Loss of major clients is a common cause of corporate insolvency, but a link between the two events can be hard to prove. Exactly that challenge was faced by a cable installation company that was already making substantial losses when it was dropped by its principal customer.

The client was claimed to have withdrawn its business as a result of the company having supplied it with defective or non-compliant cables. The company, which was said to have been previously successful, went into liquidation – with a deficiency of £2.4 million – soon after it was removed from the client’s list of approved tenderers.


The company’s rights were later assigned to another company, which launched proceedings claiming about £8 million in damages from the original supplier of the cables, alleging breach of contract, misrepresentation and deceit. The supplier, however, applied to strike out the latter two claims on the basis that they stood no real prospect of success.


The supplier submitted that the company was already in dire financial straits before the defective cabling issue arose and that there was no evidence of a causal link between that issue and the loss of the company’s client. The company had sustained trading losses of almost £2.8 million in the two years before it went into liquidation and its insolvency was in any event said to have been inevitable.

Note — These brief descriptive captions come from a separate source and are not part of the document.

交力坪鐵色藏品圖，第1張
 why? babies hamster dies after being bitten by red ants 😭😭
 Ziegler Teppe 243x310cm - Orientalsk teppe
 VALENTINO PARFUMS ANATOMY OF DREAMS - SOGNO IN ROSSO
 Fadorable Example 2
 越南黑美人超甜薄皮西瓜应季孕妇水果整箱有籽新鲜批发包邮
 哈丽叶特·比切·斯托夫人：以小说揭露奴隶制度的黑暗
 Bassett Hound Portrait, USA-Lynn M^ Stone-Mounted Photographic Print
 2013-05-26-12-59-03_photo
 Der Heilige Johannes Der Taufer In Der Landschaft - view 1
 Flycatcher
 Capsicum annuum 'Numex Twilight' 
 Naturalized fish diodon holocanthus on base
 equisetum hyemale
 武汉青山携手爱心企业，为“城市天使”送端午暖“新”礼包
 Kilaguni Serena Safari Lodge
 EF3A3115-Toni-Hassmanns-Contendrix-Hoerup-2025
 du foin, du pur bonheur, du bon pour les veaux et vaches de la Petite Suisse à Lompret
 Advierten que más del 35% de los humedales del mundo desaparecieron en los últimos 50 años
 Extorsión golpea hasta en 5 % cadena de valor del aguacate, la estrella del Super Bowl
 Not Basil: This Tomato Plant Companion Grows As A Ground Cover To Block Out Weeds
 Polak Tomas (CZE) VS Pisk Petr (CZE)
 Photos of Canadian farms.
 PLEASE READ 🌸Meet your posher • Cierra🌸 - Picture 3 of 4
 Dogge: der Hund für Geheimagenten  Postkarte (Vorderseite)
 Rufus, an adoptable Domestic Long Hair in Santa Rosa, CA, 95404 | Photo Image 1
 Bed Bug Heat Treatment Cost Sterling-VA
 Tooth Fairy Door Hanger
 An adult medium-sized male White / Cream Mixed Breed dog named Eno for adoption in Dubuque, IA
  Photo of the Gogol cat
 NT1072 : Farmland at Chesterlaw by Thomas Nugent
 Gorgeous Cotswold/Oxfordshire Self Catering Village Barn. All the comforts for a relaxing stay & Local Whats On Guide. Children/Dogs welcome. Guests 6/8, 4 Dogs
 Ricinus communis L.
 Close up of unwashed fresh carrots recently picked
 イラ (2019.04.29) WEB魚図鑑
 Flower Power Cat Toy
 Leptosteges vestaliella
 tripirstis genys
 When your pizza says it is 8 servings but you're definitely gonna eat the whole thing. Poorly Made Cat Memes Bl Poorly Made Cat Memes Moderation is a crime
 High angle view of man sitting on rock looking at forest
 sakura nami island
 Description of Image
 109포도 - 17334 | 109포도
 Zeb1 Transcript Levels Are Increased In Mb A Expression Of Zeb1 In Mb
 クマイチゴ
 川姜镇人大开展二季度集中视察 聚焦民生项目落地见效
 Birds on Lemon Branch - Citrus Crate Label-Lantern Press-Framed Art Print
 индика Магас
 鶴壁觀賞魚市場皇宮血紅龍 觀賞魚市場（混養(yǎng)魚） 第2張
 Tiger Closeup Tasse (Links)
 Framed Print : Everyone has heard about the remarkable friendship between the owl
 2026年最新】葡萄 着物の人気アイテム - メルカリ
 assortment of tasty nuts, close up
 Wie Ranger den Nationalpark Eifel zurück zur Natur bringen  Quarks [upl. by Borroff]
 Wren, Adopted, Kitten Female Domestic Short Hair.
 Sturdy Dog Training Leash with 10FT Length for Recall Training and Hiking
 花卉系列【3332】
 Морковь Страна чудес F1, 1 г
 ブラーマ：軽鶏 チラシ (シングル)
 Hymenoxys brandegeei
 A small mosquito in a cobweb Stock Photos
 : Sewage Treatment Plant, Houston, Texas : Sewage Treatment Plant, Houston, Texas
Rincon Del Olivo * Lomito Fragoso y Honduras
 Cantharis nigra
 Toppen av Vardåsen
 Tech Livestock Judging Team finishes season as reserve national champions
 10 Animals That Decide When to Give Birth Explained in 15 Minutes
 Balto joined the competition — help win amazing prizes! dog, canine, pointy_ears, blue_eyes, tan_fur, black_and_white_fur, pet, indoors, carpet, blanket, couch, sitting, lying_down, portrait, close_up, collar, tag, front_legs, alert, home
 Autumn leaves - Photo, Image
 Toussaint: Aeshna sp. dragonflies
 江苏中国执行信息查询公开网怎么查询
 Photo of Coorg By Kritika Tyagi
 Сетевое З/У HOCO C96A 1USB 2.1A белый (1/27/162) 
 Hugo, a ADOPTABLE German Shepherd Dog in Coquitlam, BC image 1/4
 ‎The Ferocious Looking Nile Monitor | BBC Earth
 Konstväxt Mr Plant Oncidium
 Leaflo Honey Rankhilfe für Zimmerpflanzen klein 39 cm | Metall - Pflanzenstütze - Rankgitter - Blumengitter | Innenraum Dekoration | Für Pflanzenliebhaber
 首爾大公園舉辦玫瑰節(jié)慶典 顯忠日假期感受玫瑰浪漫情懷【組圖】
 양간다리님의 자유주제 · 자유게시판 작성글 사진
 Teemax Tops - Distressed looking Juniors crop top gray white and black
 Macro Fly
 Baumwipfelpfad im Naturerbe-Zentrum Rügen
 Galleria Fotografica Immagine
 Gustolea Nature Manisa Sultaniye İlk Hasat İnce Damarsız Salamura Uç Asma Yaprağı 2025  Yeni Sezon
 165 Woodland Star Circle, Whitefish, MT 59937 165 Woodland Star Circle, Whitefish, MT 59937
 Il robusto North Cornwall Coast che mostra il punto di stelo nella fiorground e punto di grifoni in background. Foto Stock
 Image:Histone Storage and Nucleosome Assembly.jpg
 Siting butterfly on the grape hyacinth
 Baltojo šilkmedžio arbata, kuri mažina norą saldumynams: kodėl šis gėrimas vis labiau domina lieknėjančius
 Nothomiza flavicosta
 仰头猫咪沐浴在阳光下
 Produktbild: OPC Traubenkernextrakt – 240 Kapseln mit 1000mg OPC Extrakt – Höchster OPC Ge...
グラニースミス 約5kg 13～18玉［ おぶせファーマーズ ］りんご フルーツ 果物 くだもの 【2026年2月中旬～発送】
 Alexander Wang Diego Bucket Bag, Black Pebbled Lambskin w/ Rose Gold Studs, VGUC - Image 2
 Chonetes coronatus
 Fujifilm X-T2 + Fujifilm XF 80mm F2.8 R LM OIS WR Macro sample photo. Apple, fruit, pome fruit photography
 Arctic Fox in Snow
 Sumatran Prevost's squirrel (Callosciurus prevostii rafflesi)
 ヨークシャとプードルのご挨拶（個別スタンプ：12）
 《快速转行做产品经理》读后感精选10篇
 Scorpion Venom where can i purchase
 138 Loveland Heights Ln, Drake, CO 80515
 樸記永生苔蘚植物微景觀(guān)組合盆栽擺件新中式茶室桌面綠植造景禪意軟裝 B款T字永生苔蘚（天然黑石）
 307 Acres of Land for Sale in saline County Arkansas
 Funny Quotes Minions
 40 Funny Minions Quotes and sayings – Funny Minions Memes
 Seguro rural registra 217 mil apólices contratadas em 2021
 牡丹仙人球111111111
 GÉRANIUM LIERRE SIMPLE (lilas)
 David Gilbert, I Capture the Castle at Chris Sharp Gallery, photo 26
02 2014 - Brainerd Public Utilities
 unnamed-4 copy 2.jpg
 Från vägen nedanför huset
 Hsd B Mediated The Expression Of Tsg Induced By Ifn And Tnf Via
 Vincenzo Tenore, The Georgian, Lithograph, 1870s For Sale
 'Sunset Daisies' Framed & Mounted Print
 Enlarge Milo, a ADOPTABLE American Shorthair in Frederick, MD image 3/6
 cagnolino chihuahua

Ruling on the matter, the High Court noted that the assignee faced real difficulties in establishing the required link. Given the company’s pre-existing financial difficulties, the amount of damages claimed also appeared excessive. In dismissing the strike-out application, however, the Court found that the assignee had a real, as opposed to fanciful, prospect of succeeding in the claim. The issues could only be resolved on consideration of full evidence and the entirety of the assignee’s claim would therefore proceed to trial.